What makes Wolverton unique from the other “soccer moms,” however, is each day she helps produce more than 100,000 gallons of milk as a third-generation dairy farmer in southern Idaho.
Wolverton couldn’t imagine life any other way.
“I feel so blessed and honored to be involved in this family dairy,” she said. “When I wake up each morning I get excited about our industry. I love being a part of it and I love hard work.”
Wolverton never had to look far for work ethic inspiration. Grandfathers on both sides of the family started dairy farms in southern California more than 60 years ago. Her grandfather Doc Aardema eventually relocated to Idaho where Wolverton recalls fond childhood memories of farm life in high desert country, not far from the state’s famous Sun Valley ski resort.

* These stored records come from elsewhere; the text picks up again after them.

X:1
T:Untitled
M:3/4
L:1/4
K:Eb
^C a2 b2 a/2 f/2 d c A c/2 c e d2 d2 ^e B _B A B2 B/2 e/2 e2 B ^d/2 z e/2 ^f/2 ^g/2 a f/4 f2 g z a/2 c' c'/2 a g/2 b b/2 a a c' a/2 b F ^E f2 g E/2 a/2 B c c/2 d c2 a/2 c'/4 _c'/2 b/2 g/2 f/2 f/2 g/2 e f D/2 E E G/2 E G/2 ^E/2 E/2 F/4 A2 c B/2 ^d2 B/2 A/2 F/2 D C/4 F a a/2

“I loved the freedom I had growing up on a farm,” she said. “I loved living in the country and being around nature. I always felt calmness at the farm. There was a lot of work, but it was such a great way to grow up.”
Still, Wolverton wasn’t sure she wanted to make dairy farming her career, so she studied nursing in college. She worked as a registered nurse but never could shake the farm from her system.

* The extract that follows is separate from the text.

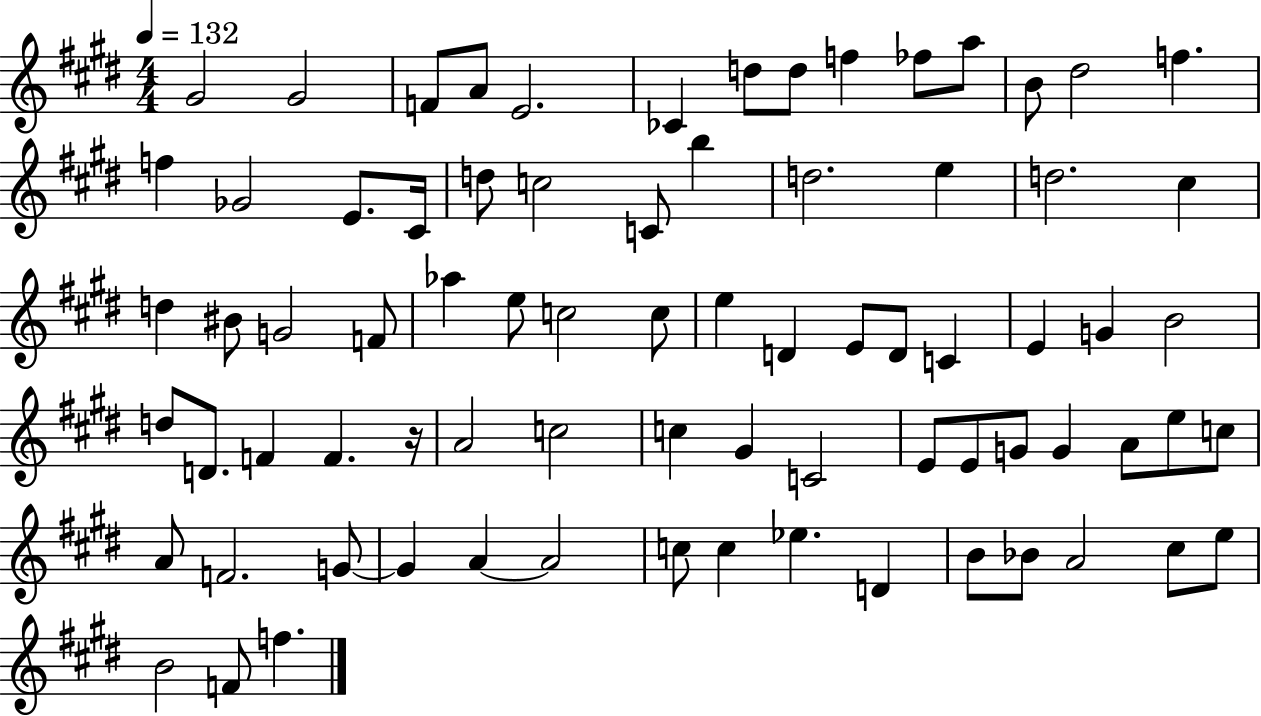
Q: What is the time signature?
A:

“I loved nursing, but I kept feeling that I had to go back to the dairy,” she said.
She eventually shifted career paths, much to her family’s delight. Aardema took her under his wing and taught her the farm’s many business aspects.
“That was a huge eye opener,” she said. “He taught me everything I know.”
Aardema, 92, still has a presence at the farm when he isn’t traveling with his wife of 70-plus years. Wolverton’s parents also are at the farm as well as other relatives who truly make farming a family way of life.
But it takes many other hands to make the dairy run. More than 100 employees have various responsibilities including milking the cows and making sure their daily comfort and nutrition needs are met. Wolverton is proud that the farm provides so many jobs and is a major contributor to southern Idaho’s economy. The farm purchases various goods and services from local businesses.
Between it all, Wolverton rarely catches her breath but that’s just fine with her.
“It’s a busy day, it’s a busy life but I love it because I believe so much in the product we produce,” she said. “To me, there’s no product that’s healthier and packed with more nutrition than milk. We are part of an amazing industry.”